公元923年,李存勖在魏州称帝建立后唐,第一个要封的宰相就是卢质。消息传出,朝野都认为实至名归——论拥立之功,他与张承业并称;论文韬武略,幕府中无人能及。可面对金灿灿的相印,卢质却连续三次上书推辞,理由是“性疏逸,不喜居高位” 。

李存勖不解,亲自召见卢质:“朕知卿淡泊,但宰相位非卿不可。”卢质叩首答道:“大王霸业初成,需用能镇服诸侯之人。臣擅长笔墨,却不习吏治,恐误国事。”最终,他推荐了义武节度判官豆卢革与本家后生卢程。李存勖虽惋惜,仍尊重他的选择,改封其为行台礼部尚书,赐“论思匡佐功臣”称号。

卢质的“拒相”在当时引来诸多猜测,有人说他怕担责任,有人说他故作清高。但后续事态的发展,恰恰印证了他的远见。豆卢革任宰相后,终日沉迷炼丹求长生,连百官俸禄发放都交由下属处理,被孔谦等小人玩弄于股掌;卢程更是个“绣花枕头”,既不会起草诏书,又不肯处理实务,被张承业怒斥“到底能干什么”,后来因羞辱重臣险些被李存勖赐死,全靠卢质求情才保住性命。

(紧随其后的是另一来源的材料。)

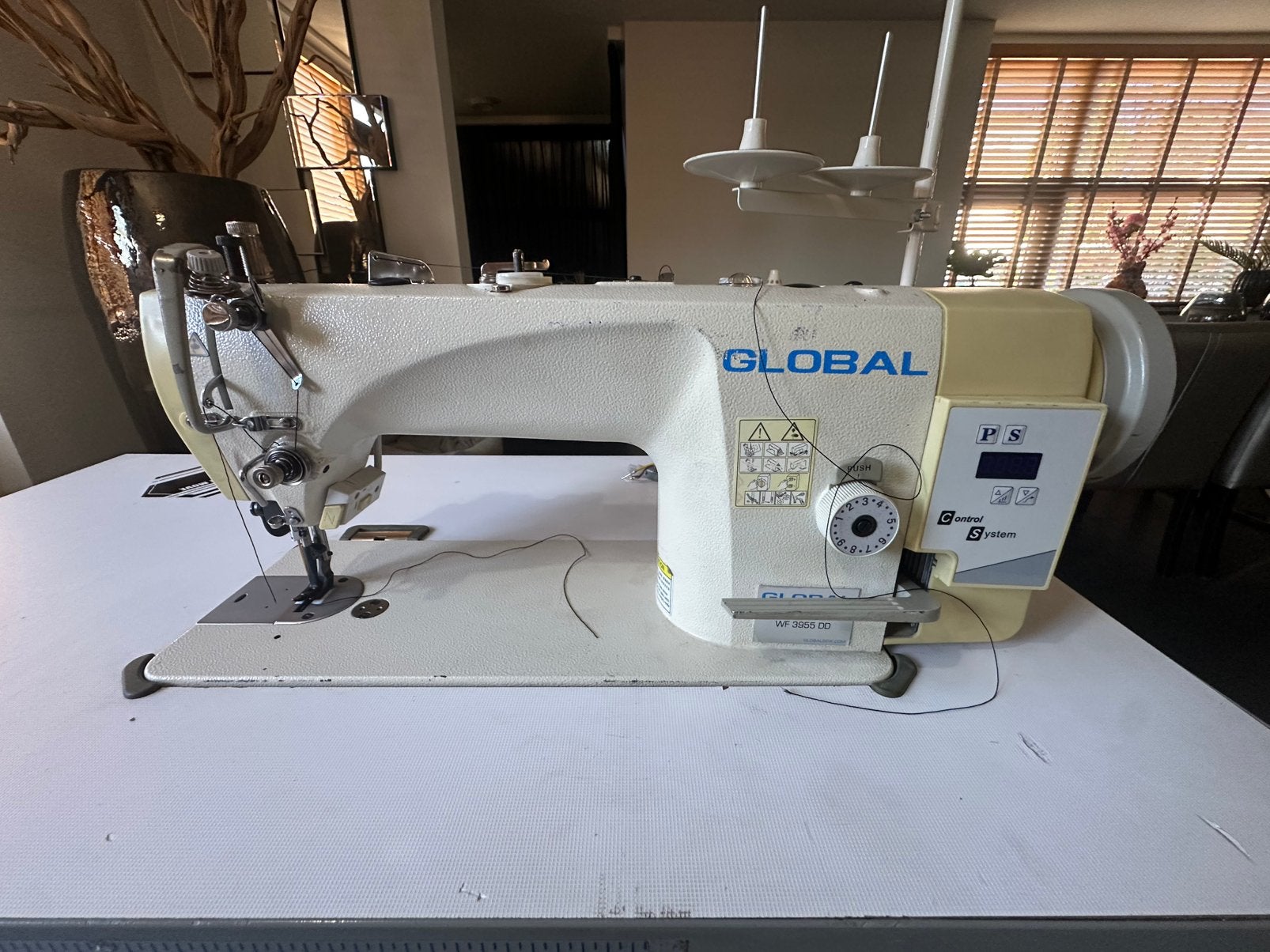 Global WF 3955 DD naaimachine ideaal voor canvas en leer, Ophalen, Zo goed als nieuw, Naaimachine, Overige merken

当百官嘲笑卢质“推荐失当”时,他却在礼部尚书任上干得风生水起。同光元年冬,后唐灭梁后迁都洛阳,卢质暂代汴州军府事,恰逢租庸使孔谦为敛财强令汴州百姓“配丝放债”。孔谦手握财权,连宰相都让他三分,卢质却连续五次上书反驳,直言“敛财如杀鸡取卵,恐失民心”。虽最终未能阻止孔谦,但百姓感念其善意,当地流传起“卢尚书一言,胜万两银”的民谣 。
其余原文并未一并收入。